Exercise instructions | Your copy should contain exactly the lines from the start of the listing through the line that holds "To add virtual", and no pictures.
-*-*-
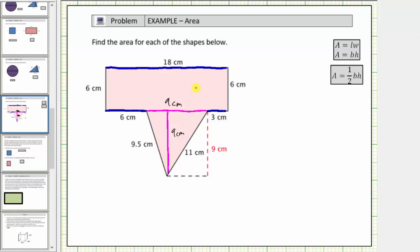Now we have all the information we need to find the area of the rectangle and the area of the triangle. To keep things organized, let's label the area of the rectangle A sub one, and the area of the triangle A sub two. Using this notation, if we let A equal the total area, we can say the total area A is equal to A sub one, the area of the rectangle, plus A sub two, the area of the triangle.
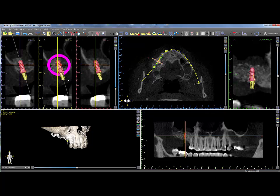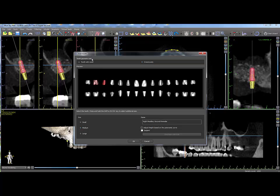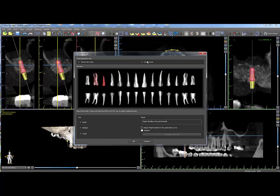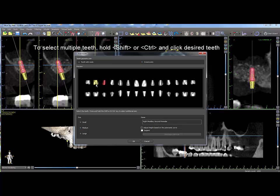To add virtual teeth, click on the Add Tooth icon. Select the correct geometry set, either with roots or without. Select the size, click on the desired tooth or multiple teeth by holding Shift, then click OK.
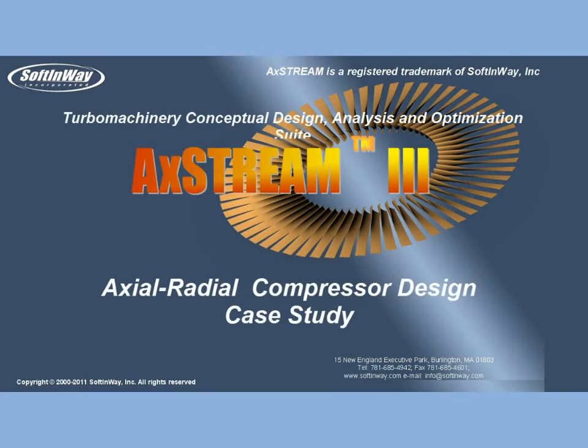Ladies and gentlemen, SoftInWay Incorporated presents the case study demo of preliminary design of high-performance axial radial compressor in AxSTREAM 3.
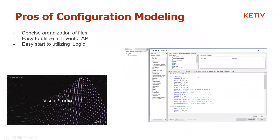Pros of configuration modeling: concise organization of files, so you don't have to search through multiple assemblies. If you have multiple assemblies that look similar to one another, you could use the Inventor API — things like Visual Studio — to program that, making builds easier. It's also a nice, easy way to jump into iLogic if you haven't touched that yet.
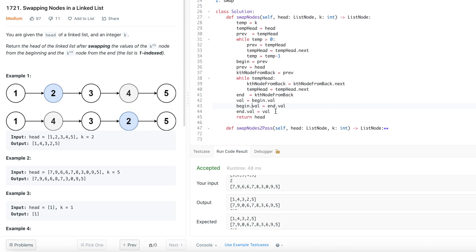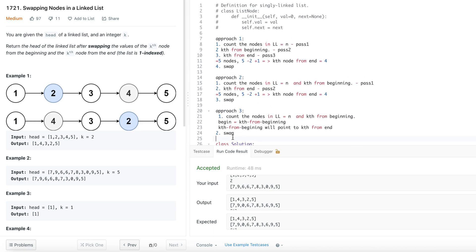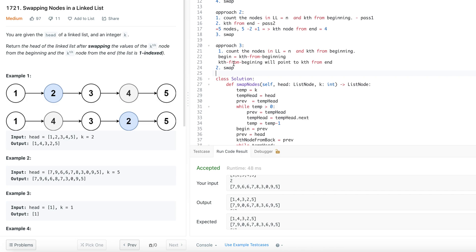The time complexity for all three approaches is O(n). The only difference is approach one is three-pass, approach two is two-pass, and approach three is one-pass. If you have any questions, please post them in the comments below. The code is on GitHub — find the link in the description. Please subscribe, share with friends, click the bell icon, and thank you for watching. I'll be back with another problem soon — stay safe and goodbye!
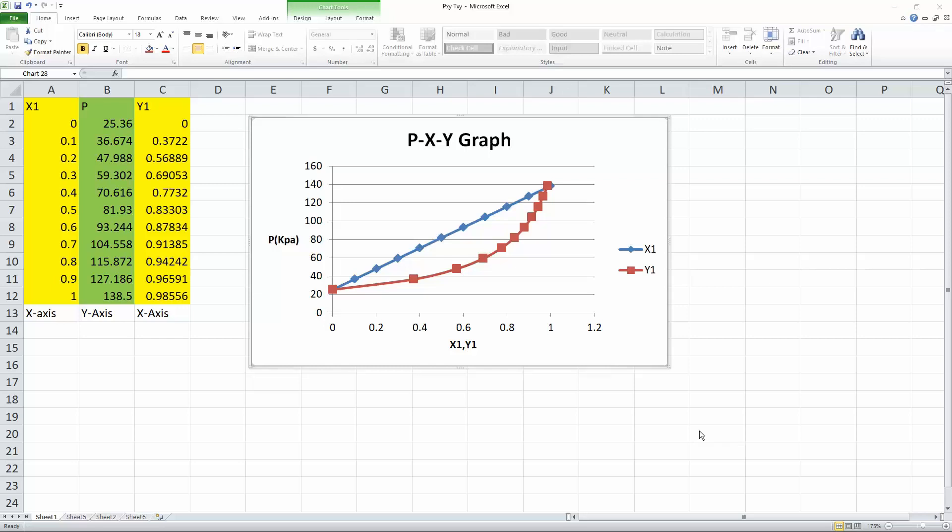In this video, we will be plotting a PXY diagram in Excel.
-*-*-
Answer below |
Now we have all the information we need to find the area of the rectangle and the area of the triangle. To keep things organized, let's label the area of the rectangle A sub one, and the area of the triangle A sub two. Using this notation, if we let A equal the total area, we can say the total area A is equal to A sub one, the area of the rectangle, plus A sub two, the area of the triangle.
To add virtual teeth, click on the Add Tooth icon. Select the correct geometry set, either with roots or without. Select the size, click on the desired tooth or multiple teeth by holding Shift, then click OK.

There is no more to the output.